The Metagenomics Evaluation & Testing Analysis (META) Tool is a software system that executes one or more third-party metagenomics classifiers on simulated nucleotide read sequences, and comparatively evaluates classification accuracy and runtime performance. In addition, the user can run a real-world read sequence (FASTQ) through any of the available classifiers view the aggregate results from one or more third-party metagenomics classifiers.

Summary

Getting Started

These instructions will get you a copy of the project up and running on your local machine for development and testing purposes.

Prerequisites

The META system has been designed to run on Linux (specifically, tested on Ubuntu 18.04) and in Docker containers. The following packages are required:

Here is an example of how to install these on Ubuntu 18.04:

# Install Make
sudo apt-get update
sudo apt-get install build-essential
dpkg -l | grep automake  # to verify successful install

# Install Docker engine (reference: https://docs.docker.com/engine/install/ubuntu/)
sudo apt-get remove docker docker-engine docker.io containerd runc
sudo apt-get update
sudo apt-get install \
    apt-transport-https \
    ca-certificates \
    curl \
    gnupg-agent \
    software-properties-common
curl -fsSL https://download.docker.com/linux/ubuntu/gpg | sudo apt-key add -
sudo add-apt-repository \
    "deb [arch=amd64] https://download.docker.com/linux/ubuntu \
    $(lsb_release -cs) \
    stable"
sudo apt-get update
sudo apt-get install docker-ce docker-ce-cli containerd.io
sudo docker run hello-world # to verify successful install

# Install Docker-compose (reference: https://docs.docker.com/compose/install/)
sudo curl -L "https://github.com/docker/compose/releases/download/1.26.2/docker-compose-$(uname -s)-$(uname -m)" -o /usr/local/bin/docker-compose
sudo chmod +x /usr/local/bin/docker-compose
docker-compose --version  # to verify successful install

Configuring

Prior to starting up META, you need to update your configurations for the:

  • Locations of your metagenomic reference databases (default: "/srv/databases")
  • MongoDB database port (default: 27017)
  • META server host bind (default: "127.0.0.1") and port (default: 5000)
  • Docker-in-Docker DNS Server for internet access (default: "--dns 8.8.8.8")
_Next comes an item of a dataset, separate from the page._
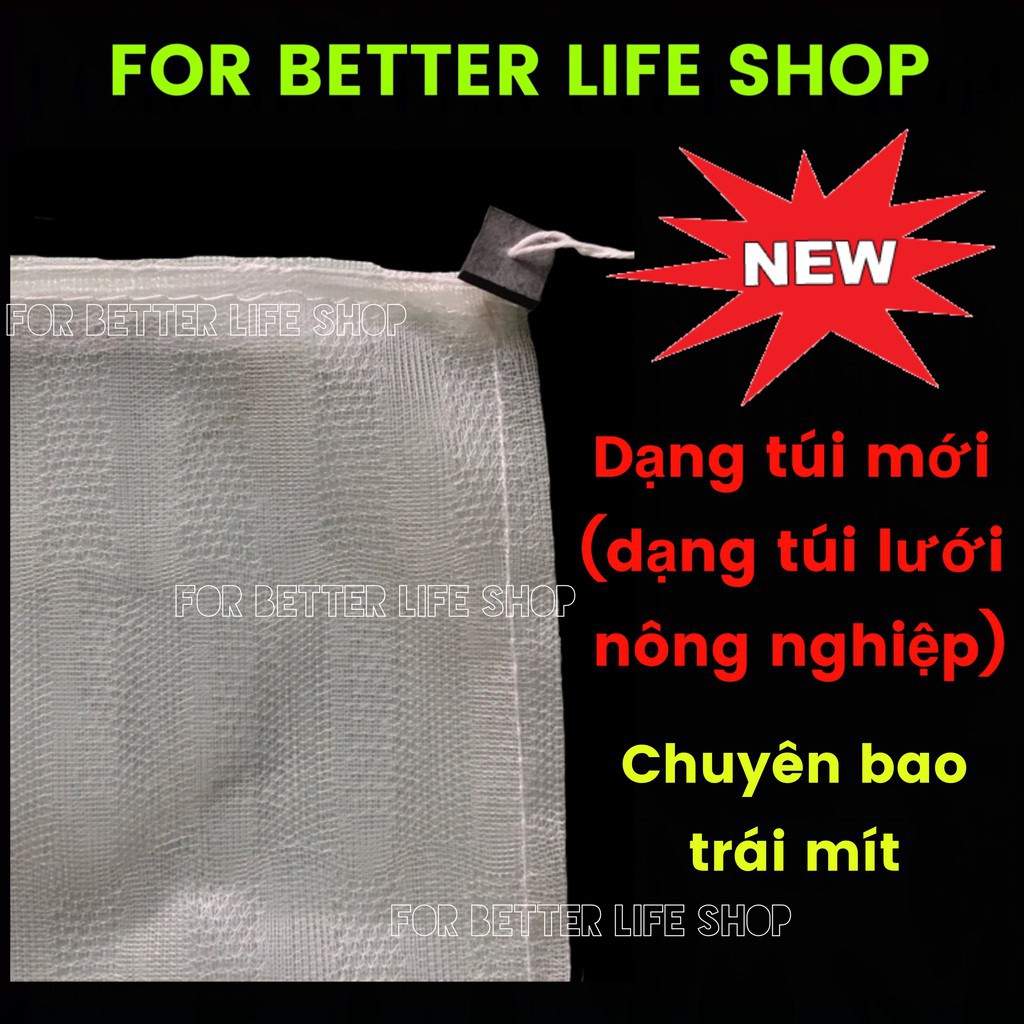 Túi bao trái Lưới Nông nghiệp chuyên bao trái Mít kích thước 50x60cm bộ 20 túi.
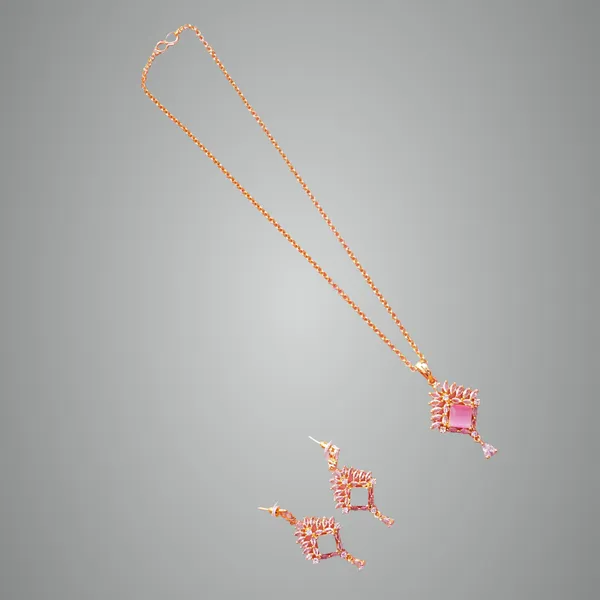 Mint_Pink_Premium_Metal_Chain_For_Women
To change these configuratons, go to the docker-compose.yaml file and update the following:

# Configure location of metagenomic reference databases
services:
  # ...
  meta_docker:
  # ...
    volumes:
      - ./data:/data
      - <INSERT_PATH_HERE>:/srv/databases  # only modify left-hand side where <INSERT_PATH_HERE>
      - meta_docker_data:/var/lib/docker
      - meta_docker_certs_ca:/certs/ca
      - meta_docker_certs_client:/certs/client
  # ...
    command: "--dns 8.8.8.8"  # modify IP addresses to match your enterprise's DNS servers
  # ...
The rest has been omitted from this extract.